Renzo Gracie and Ricardo Almeida
(Those wacky Brazilians. They even make the gym look fun.)

We’ve heard some great explanations for losing in our time covering mixed martial arts, but Ricardo Almeida has a new one: boredom. That’s what he says cost him in his split decision loss to Patrick Cote at UFC 86, according to Setanta Sports:

“I lost because I got bored…Whatever I say, I know it’s gonna sound biased,” said Almeida, who moved to 9-3 in his MMA career.

“It wasn’t a great fight. I felt I dominated the first round. Then I had the incident with the glove [which needed cutting], and something happened to me mentally right there.

“Even physically, I was just dead in the second round – very very tired.

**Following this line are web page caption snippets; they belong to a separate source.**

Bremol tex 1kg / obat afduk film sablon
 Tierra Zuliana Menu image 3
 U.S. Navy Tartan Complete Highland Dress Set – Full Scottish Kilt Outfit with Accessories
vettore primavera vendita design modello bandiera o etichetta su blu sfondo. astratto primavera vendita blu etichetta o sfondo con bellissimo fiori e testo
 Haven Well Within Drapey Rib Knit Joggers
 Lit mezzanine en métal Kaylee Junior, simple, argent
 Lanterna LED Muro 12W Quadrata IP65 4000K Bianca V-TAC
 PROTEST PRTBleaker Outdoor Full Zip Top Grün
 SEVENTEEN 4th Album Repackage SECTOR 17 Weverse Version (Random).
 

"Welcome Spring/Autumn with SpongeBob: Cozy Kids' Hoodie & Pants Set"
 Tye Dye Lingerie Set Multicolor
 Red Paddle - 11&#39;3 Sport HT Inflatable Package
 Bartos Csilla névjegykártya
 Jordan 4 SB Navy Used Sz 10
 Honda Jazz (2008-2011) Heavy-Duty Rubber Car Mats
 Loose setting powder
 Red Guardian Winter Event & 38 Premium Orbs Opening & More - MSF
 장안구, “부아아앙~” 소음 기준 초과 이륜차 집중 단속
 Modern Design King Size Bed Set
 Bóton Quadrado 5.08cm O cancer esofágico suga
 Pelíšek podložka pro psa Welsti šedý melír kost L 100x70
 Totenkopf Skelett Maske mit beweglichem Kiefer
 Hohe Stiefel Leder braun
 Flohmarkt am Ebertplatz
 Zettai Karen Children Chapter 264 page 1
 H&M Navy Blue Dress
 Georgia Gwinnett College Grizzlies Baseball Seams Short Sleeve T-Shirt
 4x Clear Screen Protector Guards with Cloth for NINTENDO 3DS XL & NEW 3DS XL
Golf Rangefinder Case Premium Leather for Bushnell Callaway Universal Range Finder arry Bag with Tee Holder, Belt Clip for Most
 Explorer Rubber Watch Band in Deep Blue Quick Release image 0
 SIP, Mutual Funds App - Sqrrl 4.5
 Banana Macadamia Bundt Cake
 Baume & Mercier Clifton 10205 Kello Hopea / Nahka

I felt I bossed the third, some good jabs, I got a takedown – and the only reason he got on top was because I tried the guillotine.

“My corner told me to stay on top with 60 seconds left. But I guess because the fight was so boring, I wanted to try a submission and he finished the fight on top – which probably swung it.”

You know, usually post-fight excuses are pretty lame, but this one actually has some merit in a weird way. Guess that’s why you don’t bring Almeida to your niece’s dance recital. He gets bored and it’s almost guaranteed that he’ll attempt a guillotine on you just to liven things up.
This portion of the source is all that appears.